Opponents of Healdsburg's largest ever proposed development pressed their case in Sonoma County Superior Court on Friday, arguing that the environmental study for the project was faulty in a number of key areas, from calculations on water use to dealing with greenhouse gas emissions.
But attorneys for the developer and the city defended the voluminous environmental documents for Saggio Hills, the 130-room resort and 70 luxury home complex proposed on the city's northern edge.
Now, both sides will have to wait for up to 90 days for a decision from Sonoma Superior Court Judge S. Boyd, who took the matter under submission after hearing arguments for more than more two hours.
The case could be pivotal for Saggio Hills, because a ruling in favor of project opponents could send it back for more hearings, resulting in further delay for a development that once was anticipated to break ground by 2008.
The resort, with room rates estimated at more than $700 a night and homes selling in the multi-million dollar range, is proposed on Healdsburg's last large undeveloped piece of land, 258 acres north of Parkland Farms subdivision.
Along with the luxury elements, Saggio Hills also includes a 14-acre site for affordable housing and other land and money donated for a large community park, fire station and public hiking trails.
Opponents say the current economy and difficulty of obtaining financing for a luxury development rumored to cost as much as $300 million dollars is as much hurdle for developers as is the lawsuit.
"The economy will stop them.

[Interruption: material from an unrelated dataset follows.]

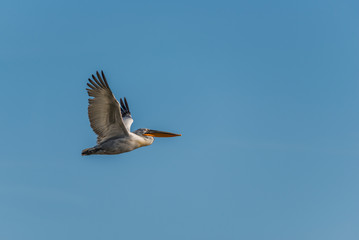 A dalmatian pelican (Pelecanus crispus) flying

There's no funding available," said Jim Winston, a Saggio Hills opponent who attended Friday's court hearings. "All the venture capitalists are feeling like a lobster around boiling water."

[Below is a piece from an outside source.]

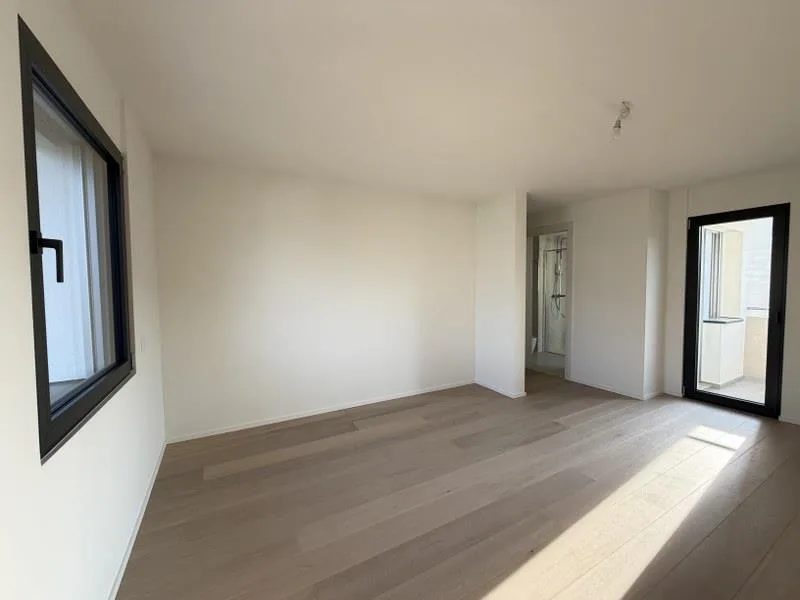 ATTIC APARTMENT 4.5 ROOMS WITH LAKE VIEW IN ELEGANT BUILDING – photo 13 of 13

Developers declined to comment Friday on the status of their financing, or any of the issues raised in the lawsuit. "Until we get a decision, it's inappropriate to comment," said Tony Korman, one of the partners in Saggio Hills development company.
Supporters of Saggio Hills have joined the lawsuit by filing a friend of the court brief, hiring an attorney and taking out a full page ad in the Healdsburg newspaper promoting the project.